Wenn es ums Sparen geht, denken die meisten an Kultur. Besonders die Kulturschaffenden, die stets mit der Streichung öffentlicher Gelder rechnen. Das ist in der Daad- Galerie nicht anders als an der Schaubühne. Als einzige Alternative scheint sich „Public Private Partnership“ anzubieten, eine Mischfinanzierung von Industriesponsoren und staatlicher Subvention. Doch darüber sind die Meinungen geteilt: Wulf Herzogenrath von der Kunsthalle Bremen befürchtet dabei den Trend zur „Highlight“-Kultur (taz, 9. 2.), der Künstler Klaus Staeck fordert einen „Ethos“-Katalog (taz, 13. 2.) im Umgang zwischen Kultur und Sponsoren.

taz : Das Künstlerhaus Bethanien wird seit einem Jahr zu einem ganz erheblichen Teil von der Philipp-Morris-Kulturförderung als Sponsor unterstützt. Welche Erfahrungen haben Sie damit gemacht?

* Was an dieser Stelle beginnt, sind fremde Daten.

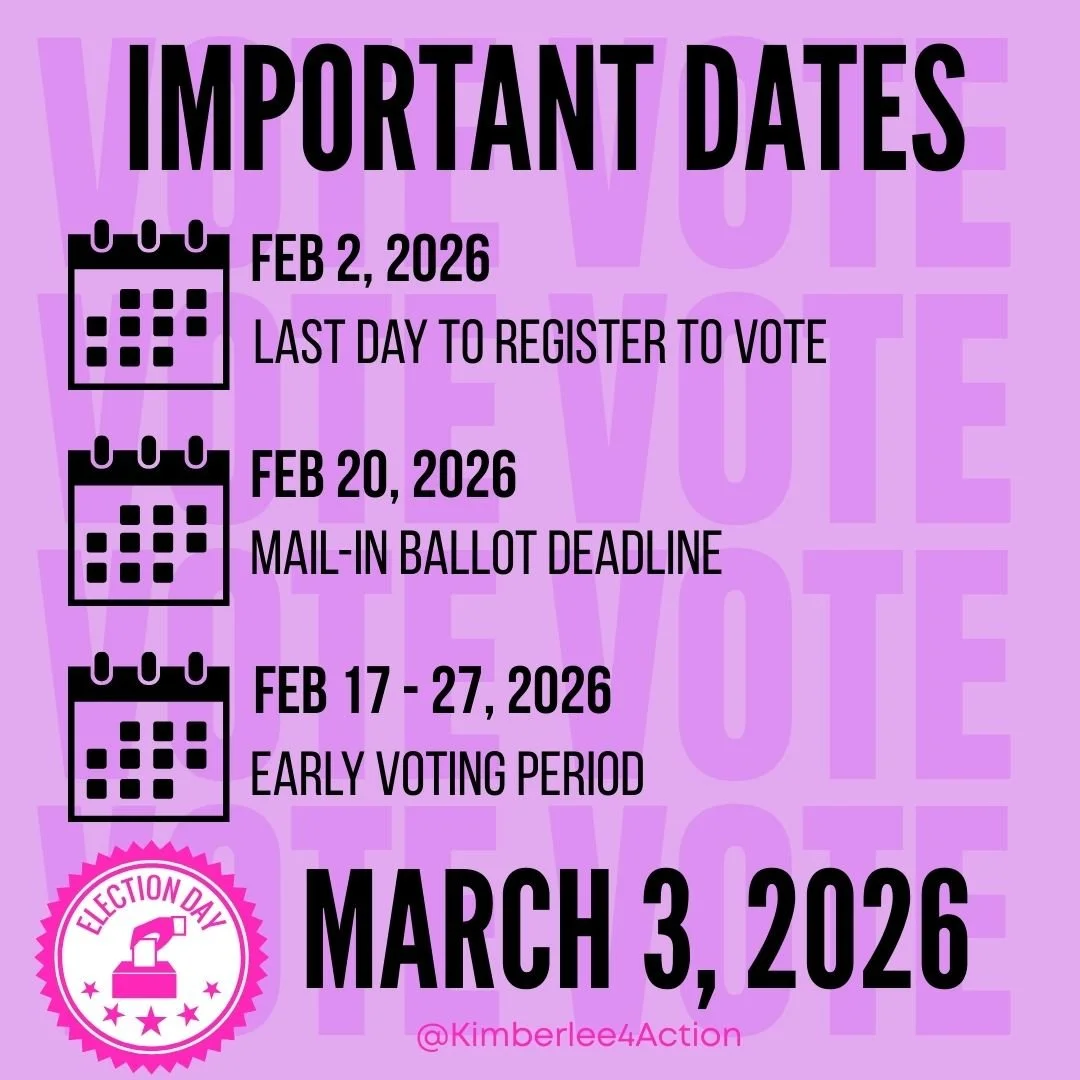 March 3, 2026 Primary Election Dates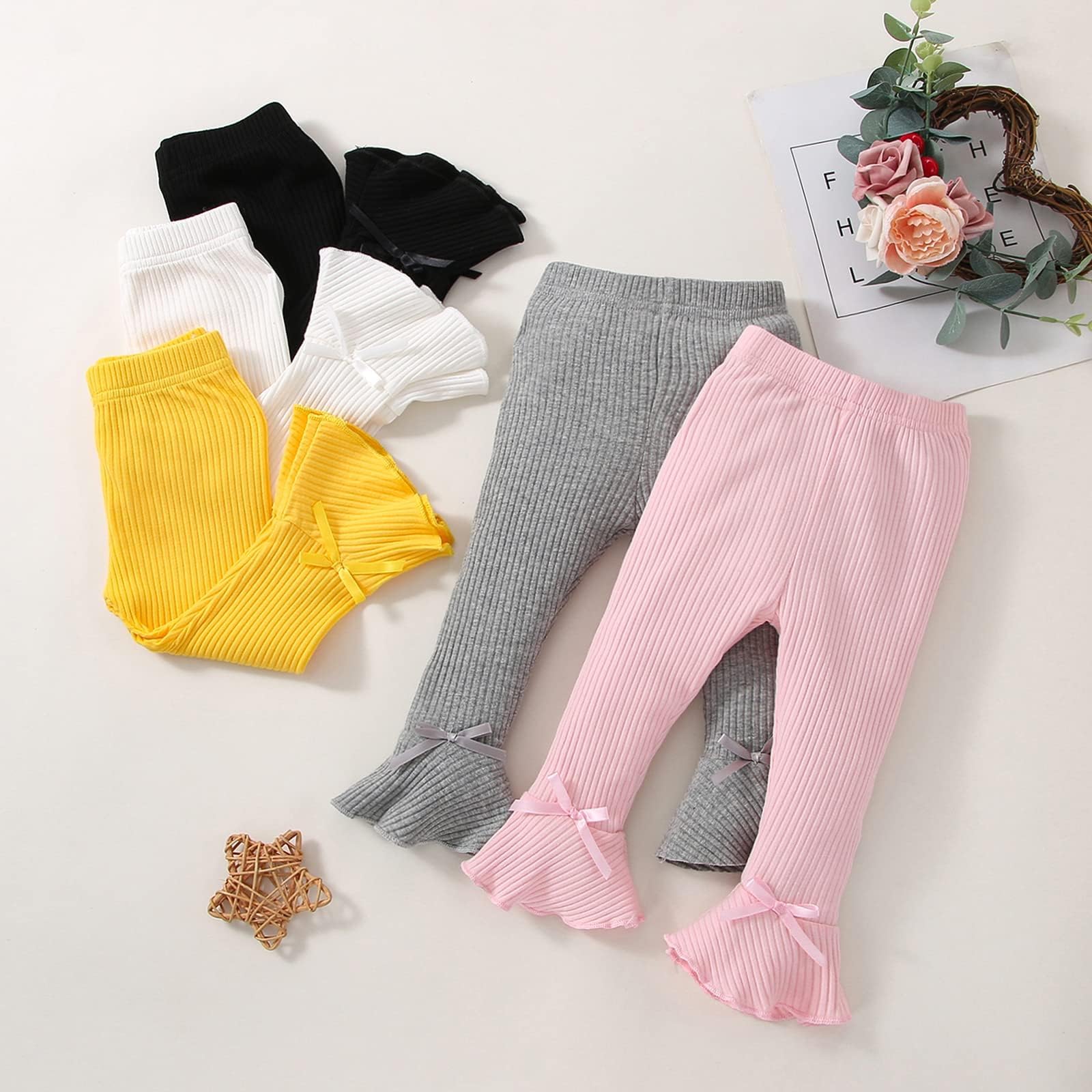**Stretchy Flare Pants for Toddler & Baby Girls - Soft Fleece Leggings with Ruffles (5-Pack) - Perfect for Playtime, Daycare & Winter Outfits**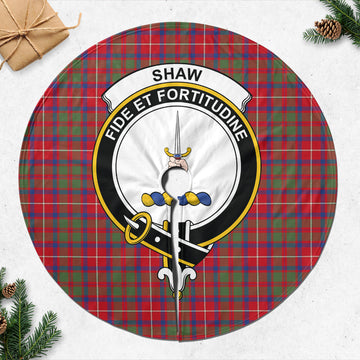 Shaw Red Modern Tartan Christmas Tree Skirt with Family Crest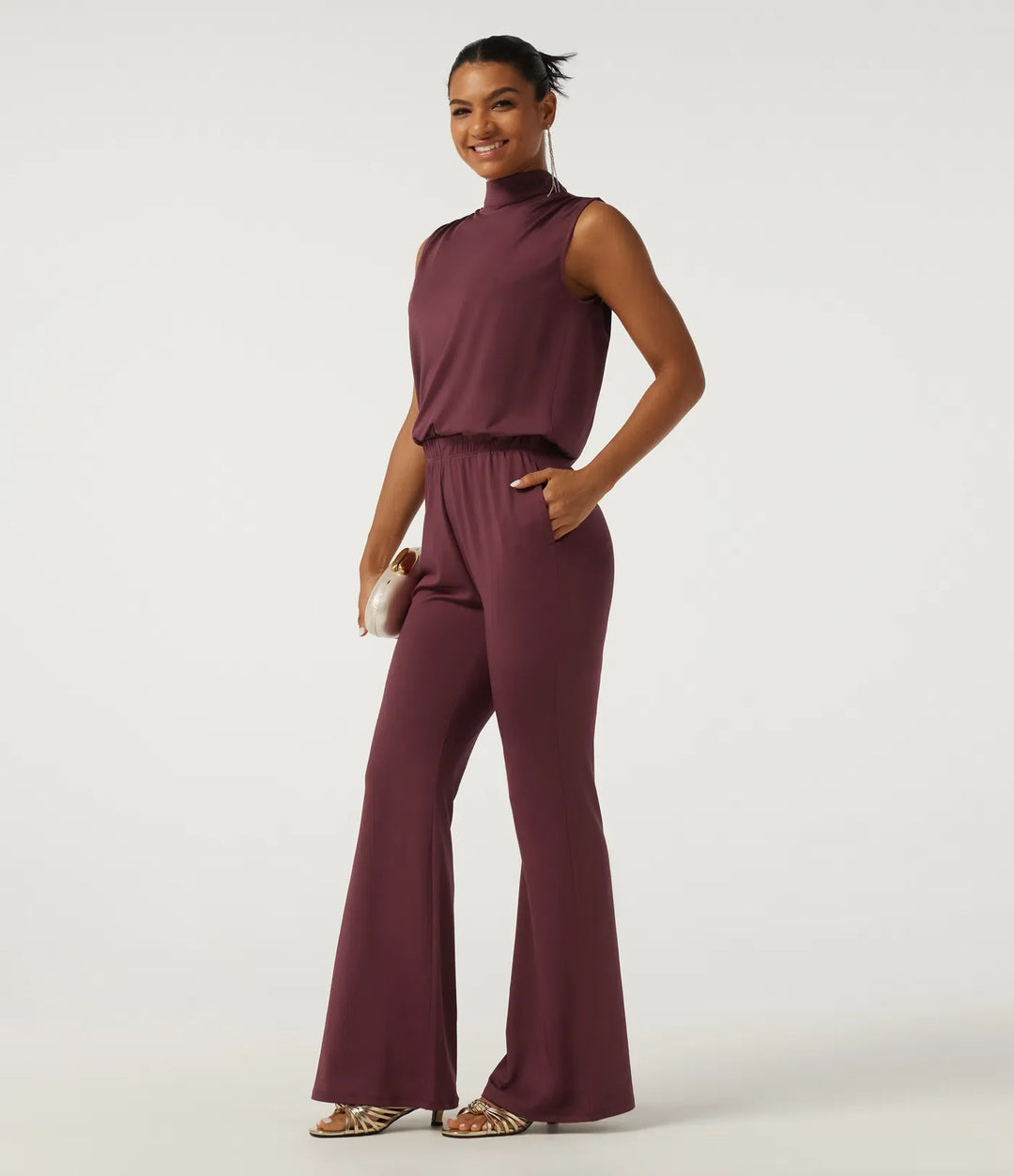 Mock Neck Sleeveless Flare Keyhole Back Party Jumpsuit with Pockets - Easy Peezy Edition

Christoph Tannert: Durchweg positive. Zum ersten Mal sind wir in der Lage, von den Künstlern keine Studiomieten mehr verlangen zu müssen. Außerdem hat der Sponsor in keiner Weise versucht, das Image, das wir uns in den letzten zwanzig Jahren erarbeitet haben, zu verbiegen. Seine Selbstdarstellung im Haus und in unseren Katalogen ist sehr zurückhaltend.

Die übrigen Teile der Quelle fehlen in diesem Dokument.